4. A commitment to develop and make freely available guidance to industry and consumers on the broader application of Universal Design principles to housing.


I welcome Minister Santoro's remarks this morning on the need for Universal Housing design and the responsibility we have to ensure that people can grow old in their homes. I also agree with Minister Della Bosca's observation that we need to address access issues in the planning stage and his view that Universal Design is in everyone's interest.

The issue facing us is how do we ensure this happens by engaging in partnerships to make it happen?

I have called for this action plan here, and more publicly through a media release today. But, as you all know, these things don't happen without commitment, effort and energy. If you agree that this is the direction to take, I seek your support in the months to come.

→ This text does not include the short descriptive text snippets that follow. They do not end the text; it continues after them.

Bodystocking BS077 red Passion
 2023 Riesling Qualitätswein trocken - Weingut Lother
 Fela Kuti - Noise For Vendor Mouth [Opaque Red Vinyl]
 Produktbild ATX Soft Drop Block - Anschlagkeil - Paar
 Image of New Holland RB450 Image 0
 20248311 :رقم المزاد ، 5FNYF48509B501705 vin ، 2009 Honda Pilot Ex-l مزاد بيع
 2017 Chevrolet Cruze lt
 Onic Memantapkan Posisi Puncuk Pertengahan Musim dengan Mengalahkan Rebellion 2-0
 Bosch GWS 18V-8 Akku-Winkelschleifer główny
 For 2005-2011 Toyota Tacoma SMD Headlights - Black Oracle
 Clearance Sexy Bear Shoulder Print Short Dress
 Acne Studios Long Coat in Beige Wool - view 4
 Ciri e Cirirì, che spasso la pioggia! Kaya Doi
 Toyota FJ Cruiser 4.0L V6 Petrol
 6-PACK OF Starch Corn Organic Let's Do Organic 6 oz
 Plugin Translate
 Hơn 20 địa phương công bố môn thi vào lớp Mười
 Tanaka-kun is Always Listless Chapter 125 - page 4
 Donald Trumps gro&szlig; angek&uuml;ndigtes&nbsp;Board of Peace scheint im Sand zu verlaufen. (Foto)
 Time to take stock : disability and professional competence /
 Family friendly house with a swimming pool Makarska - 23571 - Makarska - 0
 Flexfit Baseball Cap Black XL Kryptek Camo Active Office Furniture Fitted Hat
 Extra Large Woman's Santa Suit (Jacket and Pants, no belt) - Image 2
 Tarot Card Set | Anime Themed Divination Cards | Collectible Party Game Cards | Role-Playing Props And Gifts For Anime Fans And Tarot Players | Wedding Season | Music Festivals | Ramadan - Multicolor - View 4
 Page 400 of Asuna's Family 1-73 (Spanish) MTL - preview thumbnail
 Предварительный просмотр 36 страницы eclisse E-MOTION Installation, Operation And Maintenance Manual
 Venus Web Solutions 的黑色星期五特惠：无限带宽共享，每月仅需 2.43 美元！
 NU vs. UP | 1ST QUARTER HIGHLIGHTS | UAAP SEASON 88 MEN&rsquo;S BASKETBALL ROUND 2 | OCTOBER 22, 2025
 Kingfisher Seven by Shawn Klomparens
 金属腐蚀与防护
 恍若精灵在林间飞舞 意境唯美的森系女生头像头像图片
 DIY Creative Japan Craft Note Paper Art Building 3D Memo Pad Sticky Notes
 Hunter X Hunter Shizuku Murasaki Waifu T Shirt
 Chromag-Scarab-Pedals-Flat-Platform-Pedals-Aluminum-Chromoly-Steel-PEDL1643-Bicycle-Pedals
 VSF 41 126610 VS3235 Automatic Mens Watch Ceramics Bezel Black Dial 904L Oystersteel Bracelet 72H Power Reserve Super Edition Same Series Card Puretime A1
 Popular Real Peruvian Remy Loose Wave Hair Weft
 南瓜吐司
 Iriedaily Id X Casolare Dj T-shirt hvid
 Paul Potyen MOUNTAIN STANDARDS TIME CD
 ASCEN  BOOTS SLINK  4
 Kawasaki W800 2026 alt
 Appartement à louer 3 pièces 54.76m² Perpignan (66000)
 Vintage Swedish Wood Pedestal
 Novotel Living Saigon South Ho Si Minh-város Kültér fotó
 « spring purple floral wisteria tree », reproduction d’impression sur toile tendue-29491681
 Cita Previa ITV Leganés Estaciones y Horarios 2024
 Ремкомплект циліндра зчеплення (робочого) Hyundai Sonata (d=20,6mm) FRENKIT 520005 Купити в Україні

In her address to the National Conference of the Royal Australian Institute of Architects in April 2005, the Federal Minister for Ageing, the Hon Julie Bishop said:

"This means we must design and develop inclusive communities that enable people to continue to contribute and participate no matter what their age.

Design features for a society of all ages might include providing spaces and facilities to encourage social and physical activity, and 'universally designed' homes that are accessible for all ages and abilities".

I support the views of the Minister and look forward to contributing to the process of finding solutions over the next year.